Este Canto del guerrero es una larga silva que recoge los últimos poemas publicados por José Francisco Conde Ortega. Certeramente implacable, con la precisión del solitario que encuentra en el prodigioso mecanismo del tiempo el pretexto para alargar sus noches, el poeta construye una épica labrada durante más de cincuenta años: novecientos versos distribuidos, simétricamente inclemente, en tres cantos; cada uno de ellos conformado por veinte triadas y cada una de ellas por tres liras; la andadura que el poeta forja son los versos endecasílabos y heptasílabos, dispuestos cuidadosamente para sostener su ritmo y contar la balada de su padre, con la sombra de las Coplas de Manrique y Trilce de Vallejo  —¿acaso Sabines?— a un lado. Esta historia vagaría entre la fábrica “La Concepción”2—“La Concha” para los iniciados”— y el billar México, en el centro, en donde Lauro Conde compartiría cervezas y cigarros y canciones con Gabriel Siria Levario. Ante el inminente cierre de la fábrica y las condiciones impertérritas de la provincia mexicana, su padre, junto a los audaces ojos de Rosa María, su esposa, y las manos infantiles e inquietas de sus dos primeros hijos, delinearía un nuevo romance entre nuevas calles. El poema que cierra el “Canto segundo” reza:

20

Después la sombra suave del olvido,

a fuerza de esperanza,

en sitio que promete

razones más propicias y lejanas,

como huerto cerrado.

Muy atrás van quedando los balcones,

la flor entristecida,

un perro solitario,

el cerro azul que le concede otoño

y rezos de las beatas.

Del giro de las aves nace el agua

cercana del recuerdo,

aún por enconarse.

Otro lugar, otro combate espera

la insignia del guerrero.3

En la Ciudad de México del medio siglo, el padre-guerrero libraría nuevas lides. Y en la última de ellas —como esa copa postrera y traidora de ron que obnubila el alma y los sentidos y descubre los demonios que yacían agazapados en la medula de los huesos—, el guerrero caería abatido el 31 de julio de 1970 por la sevicia de la ciudad y “los roncos emboscados y los asesinos de la alegría” —otra vez Huerta—. Arropados sólo por el desamparo, su madre —ahora viuda a los treinta y cuatro años—, sus cinco hermanos menores —el menor de ellos todavía en brazos— y el poeta deambularon entre vecindades, barrios y oficios para subsistir. Pero también comenzaba a esbozarse una nueva vida, ésta, quizás más promisoria, aunque no por eso menos incierta:

16

Último día de julio del setenta.

Ya no hay razón de ser

para este mundo, ahora inacabado.

La muerte en plena vida.

Nada sirvió la familiar plegaria.

Yo era el hijo mayor. Tenía dieciocho

años, la prepa a punto,

unas cuantas lecturas, pocos versos.

Vi llorar a mi madre

hasta su muerte, a solas. No es metáfora.

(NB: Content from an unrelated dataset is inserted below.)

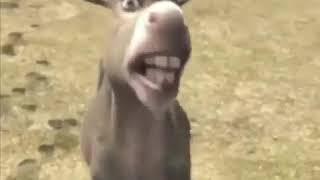 КУМЫКСКИЙ ШРЕК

Más de un cuarto de siglo de viudez

templaron el orgullo.

Crecieron mis hermanos con su abrigo.

Yo comencé esta línea:

Pensemos en la noche, en la inquietud…4

De la incertidumbre de aquel aciago día, José Francisco Conde recuerda: “pensé que debía hacerle un homenaje distinto, un homenaje con lo único que yo aprendí a hacer en la vida, que era leer y escribir versitos”. Esos “versitos” —citando a otro poeta mayor, Guillermo Fernández— encontrarían su forma final cinco décadas después; cada uno de ellos —de los novecientos— nacería y moriría en innumerables libretas de formato imperceptible manchadas con la tinta de una pluma fuente. Las volutas de sus sílabas se perderían hasta que la pavesa del tiempo se apagara y las dejara libres en la página. Mientras tanto, la escritura del novel poeta comenzaba a encandecerse entre sus huérfanas manos.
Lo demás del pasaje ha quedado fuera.